Task goal
Could every line below be transcribed exactly, with the pictures dropped?

Data provided
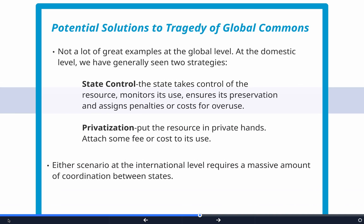When dealing with issues of the commons, we've seen two strategies at the domestic level. One is state control: if a common resource is being overused and in danger of degradation, the state takes control, monitors its use, and assures its preservation by changing the incentive structure — assigning penalties and introducing costs for overuse. The quintessential example is land use and conservation. We have national parks because there was a movement to create spaces not prone to overuse, private control, or economic activities that could result in their degradation.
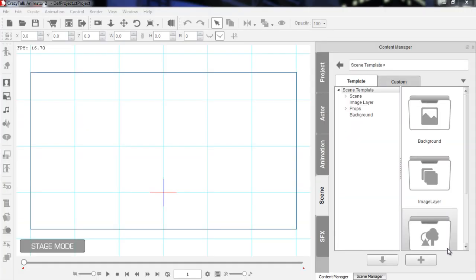Hey everybody, welcome to our tutorial on basic timeline editing. In this tutorial I'm going to show you the basics of the timeline, how it's used to do animation and modifications to your scene. Then we'll start a project and get into some more advanced stuff later. This tutorial will actually continue on to a more advanced timeline tutorial.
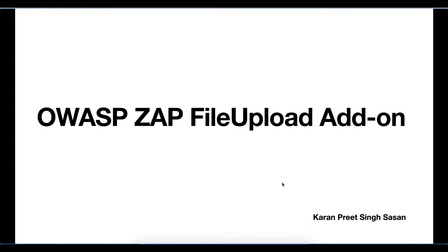Hi, my name is Karan and today I'm going to talk about OWASP ZAP's file upload add-on.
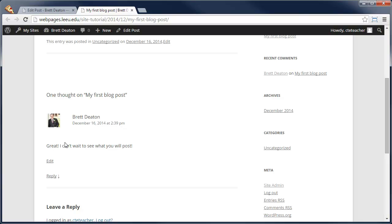In this tutorial, I showed you how to create a blog post. Have a great day. Thank you.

Output below
When dealing with issues of the commons, we've seen two strategies at the domestic level. One is state control: if a common resource is being overused and in danger of degradation, the state takes control, monitors its use, and assures its preservation by changing the incentive structure — assigning penalties and introducing costs for overuse. The quintessential example is land use and conservation. We have national parks because there was a movement to create spaces not prone to overuse, private control, or economic activities that could result in their degradation.
Hey everybody, welcome to our tutorial on basic timeline editing. In this tutorial I'm going to show you the basics of the timeline, how it's used to do animation and modifications to your scene. Then we'll start a project and get into some more advanced stuff later. This tutorial will actually continue on to a more advanced timeline tutorial.
Hi, my name is Karan and today I'm going to talk about OWASP ZAP's file upload add-on.
In this tutorial, I showed you how to create a blog post. Have a great day. Thank you.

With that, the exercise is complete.